**What the task asks**
Pull every line containing "Silver" out of the material below.

====

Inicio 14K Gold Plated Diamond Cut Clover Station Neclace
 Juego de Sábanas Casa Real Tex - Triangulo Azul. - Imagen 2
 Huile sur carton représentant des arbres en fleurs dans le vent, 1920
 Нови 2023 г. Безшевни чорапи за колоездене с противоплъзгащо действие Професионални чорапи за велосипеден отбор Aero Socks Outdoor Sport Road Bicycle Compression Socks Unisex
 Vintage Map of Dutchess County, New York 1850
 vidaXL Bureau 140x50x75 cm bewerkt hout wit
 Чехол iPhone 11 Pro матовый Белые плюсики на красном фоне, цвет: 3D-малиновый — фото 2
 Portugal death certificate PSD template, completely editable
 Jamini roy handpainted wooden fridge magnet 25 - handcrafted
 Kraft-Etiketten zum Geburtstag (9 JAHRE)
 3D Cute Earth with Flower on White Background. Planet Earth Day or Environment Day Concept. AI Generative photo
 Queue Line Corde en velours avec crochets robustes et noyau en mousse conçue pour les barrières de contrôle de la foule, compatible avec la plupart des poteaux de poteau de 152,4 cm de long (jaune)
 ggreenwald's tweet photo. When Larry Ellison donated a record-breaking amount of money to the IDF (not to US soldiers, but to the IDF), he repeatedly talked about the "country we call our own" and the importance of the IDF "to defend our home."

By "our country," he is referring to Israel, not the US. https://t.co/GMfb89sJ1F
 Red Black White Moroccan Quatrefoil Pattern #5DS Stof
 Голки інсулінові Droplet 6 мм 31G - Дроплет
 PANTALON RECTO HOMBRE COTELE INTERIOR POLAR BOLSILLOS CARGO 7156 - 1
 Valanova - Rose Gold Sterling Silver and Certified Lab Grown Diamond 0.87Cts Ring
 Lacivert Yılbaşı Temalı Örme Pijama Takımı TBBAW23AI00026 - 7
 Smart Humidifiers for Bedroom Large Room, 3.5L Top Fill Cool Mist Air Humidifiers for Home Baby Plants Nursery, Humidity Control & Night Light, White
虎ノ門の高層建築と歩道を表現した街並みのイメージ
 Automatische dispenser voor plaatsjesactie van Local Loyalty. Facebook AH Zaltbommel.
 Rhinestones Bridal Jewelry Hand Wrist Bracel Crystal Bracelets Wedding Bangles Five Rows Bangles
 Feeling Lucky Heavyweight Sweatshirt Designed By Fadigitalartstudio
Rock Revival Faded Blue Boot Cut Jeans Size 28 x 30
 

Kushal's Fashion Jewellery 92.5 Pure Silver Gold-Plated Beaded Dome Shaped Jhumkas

====

**Solution for this exercise**
 Valanova - Rose Gold Sterling Silver and Certified Lab Grown Diamond 0.87Cts Ring
Kushal's Fashion Jewellery 92.5 Pure Silver Gold-Plated Beaded Dome Shaped Jhumkas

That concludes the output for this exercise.